October 30, 2014
For the Herald
Santos’ win in Colombia has confirmed a LatAm trend
NEW YORK — Juan Manuel Santos’ re-election win confirmed a dominant trend in Latin American politics. Incumbent presidents always win when they run for re-election. The institutional advantages enjoyed by incumbents makes it an uphill battle for challengers. Santos’ victory brings good news for incumbent presidents Dilma Rousseff and Evo Morales who will be seeking re-election in Brazil and Bolivia, respectively, later this year.
Since immediate presidential re-election was introduced in Argentina in the mid-1990s, only one incumbent president has lost a re-election bid. In 2004, Dominican Republic President Hipólito Mejía (2000-2004) was defeated by former president Leonel Fernández (1996-2000). On all other occasions, the incumbent has prevailed.
Having presidents staying in power for more than one term has positive and negative consequences. Among the positive aspects, continuity in economic and social policies has allowed many countries to make significant progress in poverty reduction and economic development. Brazilian leaders Fernando Henrique Cardoso (1994-2002), Luiz Inácio Lula da Silva (2002-2010) presided over the best 16 years, in terms of democratic consolidation and economic growth, in Brazil’s history. Under Rafael Correa — in power since 2007 — Ecuador has enjoyed more political stability than in the past 100 years. In Bolivia, Morales already has the record of the longest-serving president — democratic or otherwise — in the nation’s history. In Argentina, when she steps down next year, Cristina Fernández de Kirchner will be the second democratically-elected president to have completed two consecutive terms in office. Finally, in Colombia, with his victory, Juan Manuel Santos will be the second consecutive two-term president. In Venezuela, Hugo Chávez (1998-2013) was already the longest-serving democratically-elected president when he died. Reducing rotation in the presidential chair has undoubtedly been a positive consequence of the institutional reform that has allowed immediate re-election in several Latin American countries.

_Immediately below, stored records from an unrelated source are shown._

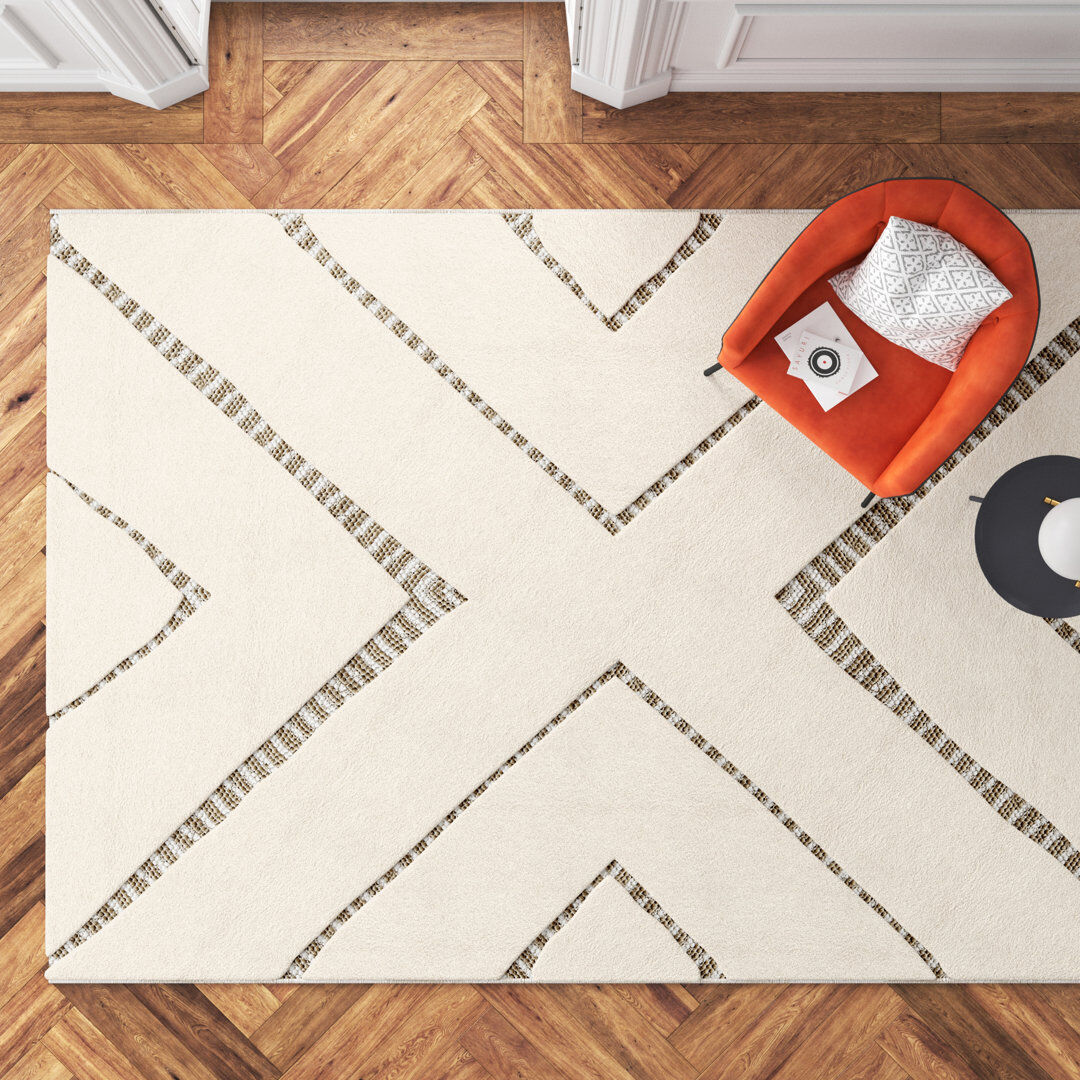 Hykkon Nikki Geometric Area Rug Cream Rectangle 200 x 290cm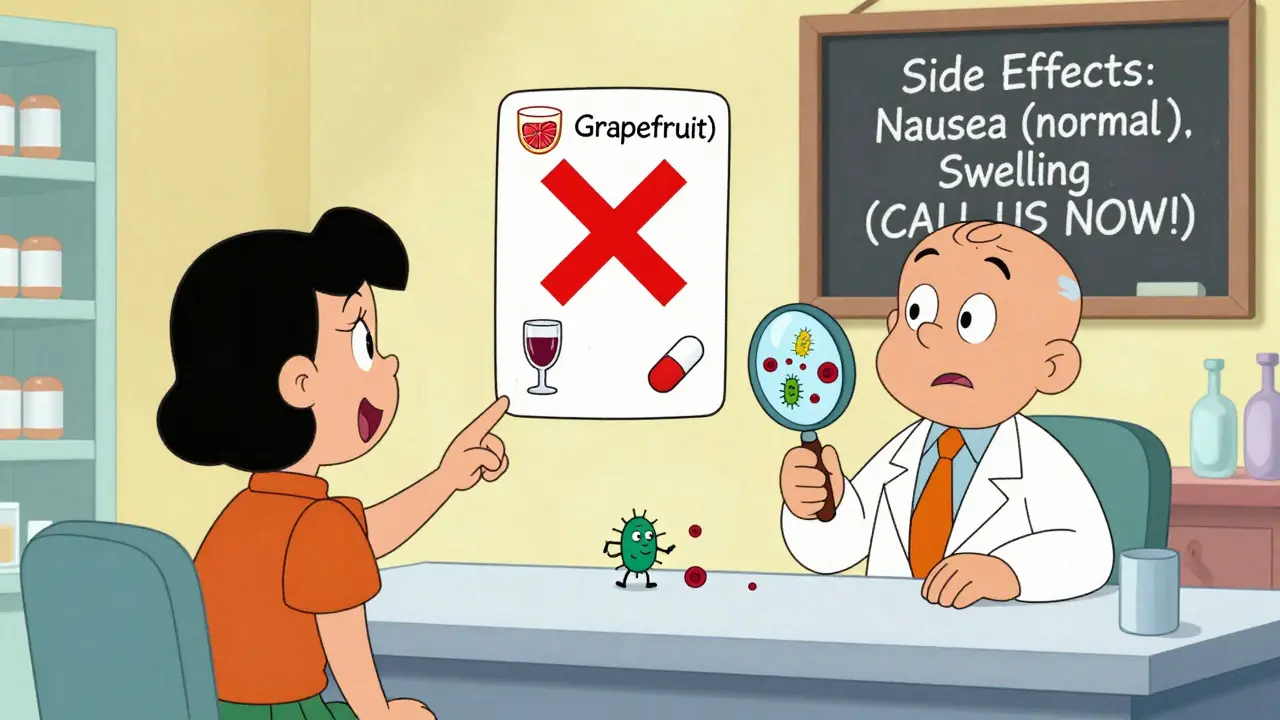 A pharmacist points out dangerous drug interactions using a magnifying glass over animated warning symbols.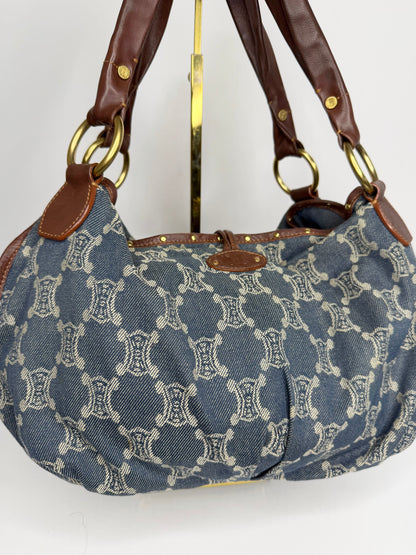 Pre-owned Celine Macadam denim and leather Bittersweet hobo bag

Re-election provisions have also had negative consequences. Politics has become more personalized. It might be the case that the rise of personal politics is the result — not the cause — of a weakening party system. People increasingly vote for individuals more than for party platforms. As leaders have stayed in power longer, parties have found it more difficult to institutionalize and regain their footing as the main institutions to channel popular representation. Also, as presidents have stayed in power longer, power has become more concentrated. True, this has not happened everywhere. Presidents in Brazil have not grown more powerful, as in Venezuela or Ecuador. Yet, because they have risen in times of institutional weakness in several countries, long-serving presidents can more easily replace weak and discredited institutions with personal or political allies or concentrate power in their own hands with institutional changes (that often include new constitutions). The cases of Chávez (1998-2013) in Venezuela and Daniel Ortega (in power since 2006) in Nicaragua represent the most dramatic examples of concentration of power that has further weakened already feeble democratic institutions.

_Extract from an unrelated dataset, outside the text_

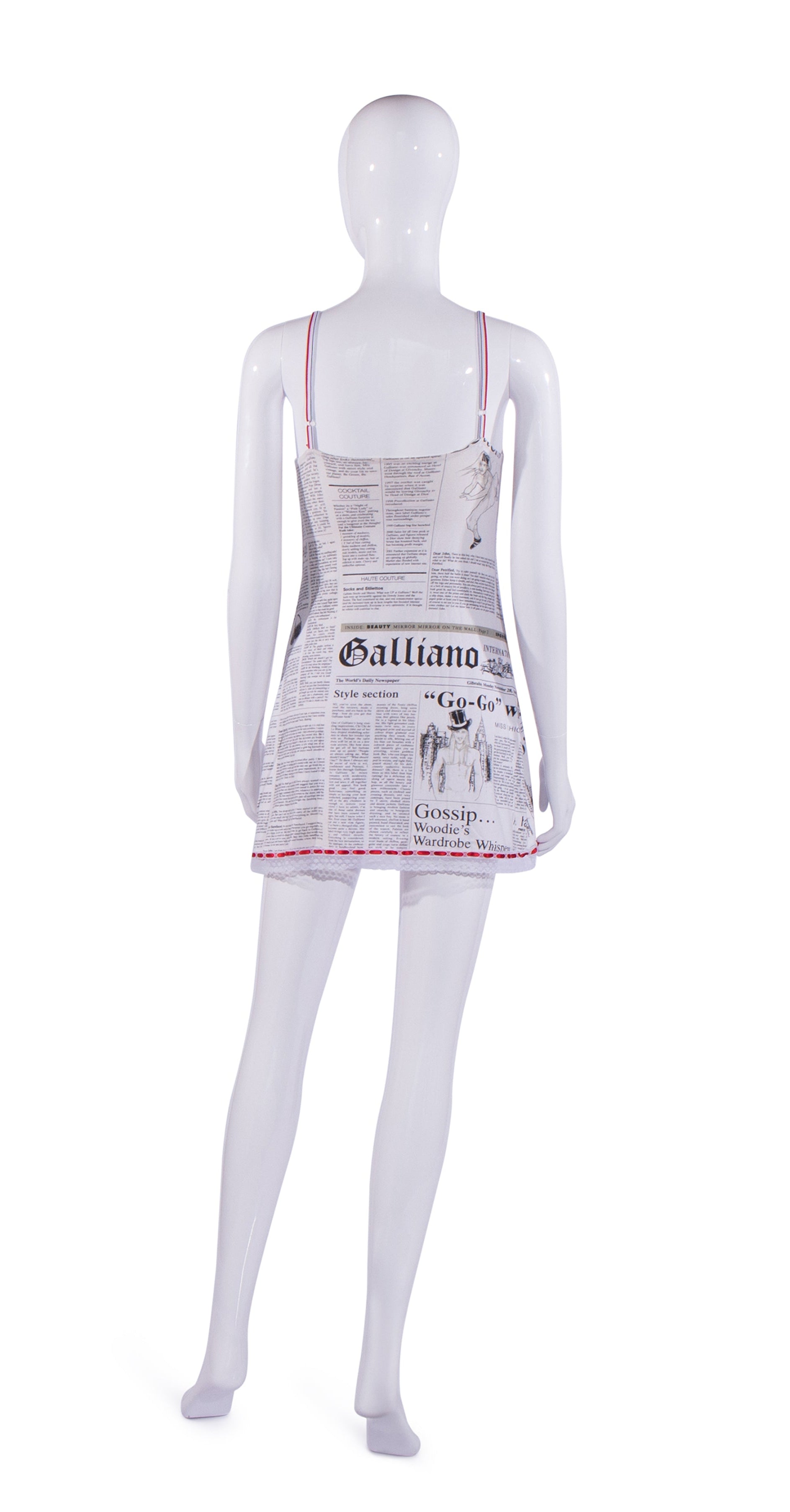 S/S 2006 White Newspaper “Gazette” Mini Dress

In Colombia, the constitutional reform that allowed for immediate presidential re-election was, as in several other countries, a custom-made reform to favour then-president Álvaro Uribe (2002-2010). Since Uribe failed to secure a new reform that would allow him to run for a third term, the institution he left in place has now allowed his predecessor — a former ally turned his main political rival — to benefit from securing a second term in office. Something similar happened in Brazil, where the constitutional reform that allowed Cardoso to run for re-election in 1998 allowed Lula to run for a second term in 2006 and will soon allow Rousseff (from the same party as Lula) to seek her own second term. In other countries, the reform has only applied to one president — as in Ecuador or Bolivia — or to presidents from the same coalition — as in Venezuela. Thus, in those countries, the long-term consequences in terms of alternation in power remain to be seen.
Because Latin American countries have historically been presidentialist, the decision to allow immediate re-election has not been free from controversy. In the US, where the presidential system has more checks and balances, incumbents do lose (though there have historically been more two-termers than one-term presidents). In Latin America, where presidential power has fewer institutional constraints and there are fewer and weaker checks-and-balance procedures, incumbents are more difficult to defeat.
In 2004, Dominican President Hipólito Mejía lost his re-election bid amid a banking and financial scandal. Before that, only one president lost a re-election bid in recent memory. Incumbent Nicaraguan President Daniel Ortega lost the election in 1990, but that contest was the first truly democratic election in that country, as Ortega had come into power in the 1979 Nicaraguan Revolution. The 1984 election, when Ortega won re-election, was held during the counter-revolutionary war and was not competitive.
With his re-election, Santos confirms the electoral advantage enjoyed by incumbent presidents in Latin America. In the coming months, Morales and Rouseff will also run for re-election. If history has any predictive power, they will likely win re-election and further consolidate the incumbent advantage that exists in presidential elections in Latin America.